Using the data below, return the stretch from the line that contains "4 circles logo" through the line that contains "Plafonnier LED de", both included, exactly as it stands and nothing beyond it.

Scraped caption text data
-*-*-

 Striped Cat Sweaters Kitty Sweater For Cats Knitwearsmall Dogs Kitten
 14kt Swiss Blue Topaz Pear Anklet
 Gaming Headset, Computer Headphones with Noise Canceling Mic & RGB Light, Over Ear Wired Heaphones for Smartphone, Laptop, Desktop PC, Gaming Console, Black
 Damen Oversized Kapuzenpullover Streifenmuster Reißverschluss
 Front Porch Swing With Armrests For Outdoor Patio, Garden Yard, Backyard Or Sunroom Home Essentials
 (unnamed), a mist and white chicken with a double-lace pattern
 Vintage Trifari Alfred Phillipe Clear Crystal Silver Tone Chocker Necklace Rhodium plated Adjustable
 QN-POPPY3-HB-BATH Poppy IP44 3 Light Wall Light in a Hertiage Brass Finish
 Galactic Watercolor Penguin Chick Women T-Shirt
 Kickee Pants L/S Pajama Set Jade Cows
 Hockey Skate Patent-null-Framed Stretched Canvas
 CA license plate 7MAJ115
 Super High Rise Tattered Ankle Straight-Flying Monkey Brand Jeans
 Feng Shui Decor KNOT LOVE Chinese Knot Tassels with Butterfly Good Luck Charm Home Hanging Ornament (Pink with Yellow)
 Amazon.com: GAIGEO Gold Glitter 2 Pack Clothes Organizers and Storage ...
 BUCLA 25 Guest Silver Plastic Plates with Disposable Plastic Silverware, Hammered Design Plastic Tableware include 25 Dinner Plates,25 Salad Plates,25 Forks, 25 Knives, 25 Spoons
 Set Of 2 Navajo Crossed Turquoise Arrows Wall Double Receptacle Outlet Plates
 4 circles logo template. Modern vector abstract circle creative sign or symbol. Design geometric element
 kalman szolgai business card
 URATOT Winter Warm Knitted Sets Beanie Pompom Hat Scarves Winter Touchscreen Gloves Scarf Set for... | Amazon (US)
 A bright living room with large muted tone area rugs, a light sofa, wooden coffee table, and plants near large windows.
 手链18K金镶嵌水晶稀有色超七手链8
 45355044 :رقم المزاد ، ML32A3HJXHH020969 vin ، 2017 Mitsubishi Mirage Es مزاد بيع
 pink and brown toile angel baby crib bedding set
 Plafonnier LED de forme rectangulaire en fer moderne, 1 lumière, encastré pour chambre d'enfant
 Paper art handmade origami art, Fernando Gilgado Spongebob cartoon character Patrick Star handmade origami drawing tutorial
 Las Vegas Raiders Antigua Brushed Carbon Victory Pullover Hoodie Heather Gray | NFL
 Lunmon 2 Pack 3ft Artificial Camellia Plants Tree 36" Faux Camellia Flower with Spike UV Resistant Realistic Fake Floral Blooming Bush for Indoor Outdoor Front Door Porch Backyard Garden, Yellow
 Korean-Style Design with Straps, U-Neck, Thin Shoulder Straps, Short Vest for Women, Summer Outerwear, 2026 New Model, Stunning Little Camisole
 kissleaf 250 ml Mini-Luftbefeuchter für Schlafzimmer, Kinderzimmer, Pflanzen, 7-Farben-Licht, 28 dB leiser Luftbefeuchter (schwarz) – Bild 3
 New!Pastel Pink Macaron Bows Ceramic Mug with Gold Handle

-*-*-

Exercise solution:
 4 circles logo template. Modern vector abstract circle creative sign or symbol. Design geometric element
 kalman szolgai business card
 URATOT Winter Warm Knitted Sets Beanie Pompom Hat Scarves Winter Touchscreen Gloves Scarf Set for... | Amazon (US)
 A bright living room with large muted tone area rugs, a light sofa, wooden coffee table, and plants near large windows.
 手链18K金镶嵌水晶稀有色超七手链8
 45355044 :رقم المزاد ، ML32A3HJXHH020969 vin ، 2017 Mitsubishi Mirage Es مزاد بيع
 pink and brown toile angel baby crib bedding set
 Plafonnier LED de forme rectangulaire en fer moderne, 1 lumière, encastré pour chambre d'enfant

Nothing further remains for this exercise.